Pour autant j'observe aussi qu'être concerné par une oppression ne rend pas
absolu dans son témoignage. D'abord parce qu'il y a des cons partout et ensuite
parce que certain refusent de faire ce pas qui consiste avant tout à se
remettre en cause et à accepter ses propres privilèges. Actuellement je vis en
cité HLM mais ça n'a pas toujours été le cas. Je viens d'une bonne famille qui
m'a appris que j'étais autant à ma place à l'opéra qu'à un poste de direction.

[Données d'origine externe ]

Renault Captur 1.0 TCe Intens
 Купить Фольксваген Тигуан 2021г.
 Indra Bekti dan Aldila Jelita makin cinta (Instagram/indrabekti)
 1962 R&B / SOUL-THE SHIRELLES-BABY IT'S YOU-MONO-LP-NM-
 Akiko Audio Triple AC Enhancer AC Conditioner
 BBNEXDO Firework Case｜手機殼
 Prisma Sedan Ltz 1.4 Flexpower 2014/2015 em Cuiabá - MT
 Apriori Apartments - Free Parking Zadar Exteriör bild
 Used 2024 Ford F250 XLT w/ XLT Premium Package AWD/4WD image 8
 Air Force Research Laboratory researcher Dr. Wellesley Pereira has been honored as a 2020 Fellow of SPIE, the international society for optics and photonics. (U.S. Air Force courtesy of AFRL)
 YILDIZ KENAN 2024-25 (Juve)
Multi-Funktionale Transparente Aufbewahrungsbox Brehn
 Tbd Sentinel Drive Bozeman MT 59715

C'est quand même un sacré plus pour oser réclamer aussi une part de fragilité
dans la certitude d'être au bon moment et à la bonne place. Je comprends ce qui
pousse à faire valoir sa différence comme un absolu légitime quand il y a la
possibilité de le faire d'autant que si le discours est bien calibré, il en
devient légitime. Je pense en particuliers aux femmes qui font l’apologie du
masculinisme. C'est bien plus facile de penser que le autres ont tord que de
réfléchir aux enjeux réels d'un tel discours. Alors oui je jette la première
pierre parce que je me sens agressé par ce militantisme obsolète et contre
productif. Et rendez-vous dans la rue à celleux qui veulent faire avancer leur
droit et ceux des autres.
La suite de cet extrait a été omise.